DIRECTIONS: What you should output is the data below, unchanged in every character.

TASK DATA:
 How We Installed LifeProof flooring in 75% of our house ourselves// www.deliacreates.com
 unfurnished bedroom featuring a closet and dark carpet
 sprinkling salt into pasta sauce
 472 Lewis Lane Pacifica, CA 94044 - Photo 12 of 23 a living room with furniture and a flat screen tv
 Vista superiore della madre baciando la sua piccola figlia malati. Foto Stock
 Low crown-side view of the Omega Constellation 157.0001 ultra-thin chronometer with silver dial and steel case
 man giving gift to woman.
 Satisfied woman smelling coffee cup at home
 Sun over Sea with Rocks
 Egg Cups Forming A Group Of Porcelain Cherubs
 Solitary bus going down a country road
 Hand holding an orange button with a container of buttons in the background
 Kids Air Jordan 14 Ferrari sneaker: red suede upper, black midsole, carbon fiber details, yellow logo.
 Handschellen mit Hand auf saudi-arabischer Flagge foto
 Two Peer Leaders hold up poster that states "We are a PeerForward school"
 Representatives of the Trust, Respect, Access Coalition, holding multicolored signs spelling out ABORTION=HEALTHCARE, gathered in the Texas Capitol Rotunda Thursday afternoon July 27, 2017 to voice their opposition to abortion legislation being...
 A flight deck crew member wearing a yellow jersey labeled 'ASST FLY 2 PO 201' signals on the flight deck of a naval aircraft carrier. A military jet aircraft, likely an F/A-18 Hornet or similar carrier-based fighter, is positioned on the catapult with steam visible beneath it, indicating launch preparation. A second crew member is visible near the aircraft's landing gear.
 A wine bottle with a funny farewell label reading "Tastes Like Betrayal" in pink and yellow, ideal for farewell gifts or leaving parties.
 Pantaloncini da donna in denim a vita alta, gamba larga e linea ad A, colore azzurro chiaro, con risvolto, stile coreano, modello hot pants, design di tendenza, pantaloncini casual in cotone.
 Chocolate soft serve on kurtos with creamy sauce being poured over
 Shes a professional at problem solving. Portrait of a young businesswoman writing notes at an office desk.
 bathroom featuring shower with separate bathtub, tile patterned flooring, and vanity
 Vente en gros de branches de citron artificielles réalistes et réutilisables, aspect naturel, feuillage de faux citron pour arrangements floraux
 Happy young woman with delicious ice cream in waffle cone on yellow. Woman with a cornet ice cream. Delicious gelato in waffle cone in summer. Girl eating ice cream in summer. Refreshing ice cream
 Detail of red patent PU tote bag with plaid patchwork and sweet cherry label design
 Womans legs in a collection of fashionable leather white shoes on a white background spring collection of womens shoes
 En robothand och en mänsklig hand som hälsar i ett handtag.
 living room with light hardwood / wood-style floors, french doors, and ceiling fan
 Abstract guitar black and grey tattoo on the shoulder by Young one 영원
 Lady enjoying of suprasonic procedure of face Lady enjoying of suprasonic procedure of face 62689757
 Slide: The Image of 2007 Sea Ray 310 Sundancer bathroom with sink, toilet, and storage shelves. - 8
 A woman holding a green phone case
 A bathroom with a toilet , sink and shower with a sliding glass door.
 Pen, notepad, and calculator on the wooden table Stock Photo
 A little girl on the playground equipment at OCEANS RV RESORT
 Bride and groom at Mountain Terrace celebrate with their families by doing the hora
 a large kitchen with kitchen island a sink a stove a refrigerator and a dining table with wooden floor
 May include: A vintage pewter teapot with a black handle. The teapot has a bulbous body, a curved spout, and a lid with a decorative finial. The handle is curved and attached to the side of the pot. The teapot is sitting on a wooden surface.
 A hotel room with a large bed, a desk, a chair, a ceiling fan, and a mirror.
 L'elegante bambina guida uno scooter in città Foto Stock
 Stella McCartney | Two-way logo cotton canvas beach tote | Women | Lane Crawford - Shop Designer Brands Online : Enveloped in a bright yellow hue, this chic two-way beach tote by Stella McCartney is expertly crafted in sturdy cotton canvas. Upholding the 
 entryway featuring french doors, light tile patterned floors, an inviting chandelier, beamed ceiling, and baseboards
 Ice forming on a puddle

RESULT OF THIS TASK:
 How We Installed LifeProof flooring in 75% of our house ourselves// www.deliacreates.com
 unfurnished bedroom featuring a closet and dark carpet
 sprinkling salt into pasta sauce
 472 Lewis Lane Pacifica, CA 94044 - Photo 12 of 23 a living room with furniture and a flat screen tv
 Vista superiore della madre baciando la sua piccola figlia malati. Foto Stock
 Low crown-side view of the Omega Constellation 157.0001 ultra-thin chronometer with silver dial and steel case
 man giving gift to woman.
 Satisfied woman smelling coffee cup at home
 Sun over Sea with Rocks
 Egg Cups Forming A Group Of Porcelain Cherubs
 Solitary bus going down a country road
 Hand holding an orange button with a container of buttons in the background
 Kids Air Jordan 14 Ferrari sneaker: red suede upper, black midsole, carbon fiber details, yellow logo.
 Handschellen mit Hand auf saudi-arabischer Flagge foto
 Two Peer Leaders hold up poster that states "We are a PeerForward school"
 Representatives of the Trust, Respect, Access Coalition, holding multicolored signs spelling out ABORTION=HEALTHCARE, gathered in the Texas Capitol Rotunda Thursday afternoon July 27, 2017 to voice their opposition to abortion legislation being...
 A flight deck crew member wearing a yellow jersey labeled 'ASST FLY 2 PO 201' signals on the flight deck of a naval aircraft carrier. A military jet aircraft, likely an F/A-18 Hornet or similar carrier-based fighter, is positioned on the catapult with steam visible beneath it, indicating launch preparation. A second crew member is visible near the aircraft's landing gear.
 A wine bottle with a funny farewell label reading "Tastes Like Betrayal" in pink and yellow, ideal for farewell gifts or leaving parties.
 Pantaloncini da donna in denim a vita alta, gamba larga e linea ad A, colore azzurro chiaro, con risvolto, stile coreano, modello hot pants, design di tendenza, pantaloncini casual in cotone.
 Chocolate soft serve on kurtos with creamy sauce being poured over
 Shes a professional at problem solving. Portrait of a young businesswoman writing notes at an office desk.
 bathroom featuring shower with separate bathtub, tile patterned flooring, and vanity
 Vente en gros de branches de citron artificielles réalistes et réutilisables, aspect naturel, feuillage de faux citron pour arrangements floraux
 Happy young woman with delicious ice cream in waffle cone on yellow. Woman with a cornet ice cream. Delicious gelato in waffle cone in summer. Girl eating ice cream in summer. Refreshing ice cream
 Detail of red patent PU tote bag with plaid patchwork and sweet cherry label design
 Womans legs in a collection of fashionable leather white shoes on a white background spring collection of womens shoes
 En robothand och en mänsklig hand som hälsar i ett handtag.
 living room with light hardwood / wood-style floors, french doors, and ceiling fan
 Abstract guitar black and grey tattoo on the shoulder by Young one 영원
 Lady enjoying of suprasonic procedure of face Lady enjoying of suprasonic procedure of face 62689757
 Slide: The Image of 2007 Sea Ray 310 Sundancer bathroom with sink, toilet, and storage shelves. - 8
 A woman holding a green phone case
 A bathroom with a toilet , sink and shower with a sliding glass door.
 Pen, notepad, and calculator on the wooden table Stock Photo
 A little girl on the playground equipment at OCEANS RV RESORT
 Bride and groom at Mountain Terrace celebrate with their families by doing the hora
 a large kitchen with kitchen island a sink a stove a refrigerator and a dining table with wooden floor
 May include: A vintage pewter teapot with a black handle. The teapot has a bulbous body, a curved spout, and a lid with a decorative finial. The handle is curved and attached to the side of the pot. The teapot is sitting on a wooden surface.
 A hotel room with a large bed, a desk, a chair, a ceiling fan, and a mirror.
 L'elegante bambina guida uno scooter in città Foto Stock
 Stella McCartney | Two-way logo cotton canvas beach tote | Women | Lane Crawford - Shop Designer Brands Online : Enveloped in a bright yellow hue, this chic two-way beach tote by Stella McCartney is expertly crafted in sturdy cotton canvas. Upholding the 
 entryway featuring french doors, light tile patterned floors, an inviting chandelier, beamed ceiling, and baseboards
 Ice forming on a puddle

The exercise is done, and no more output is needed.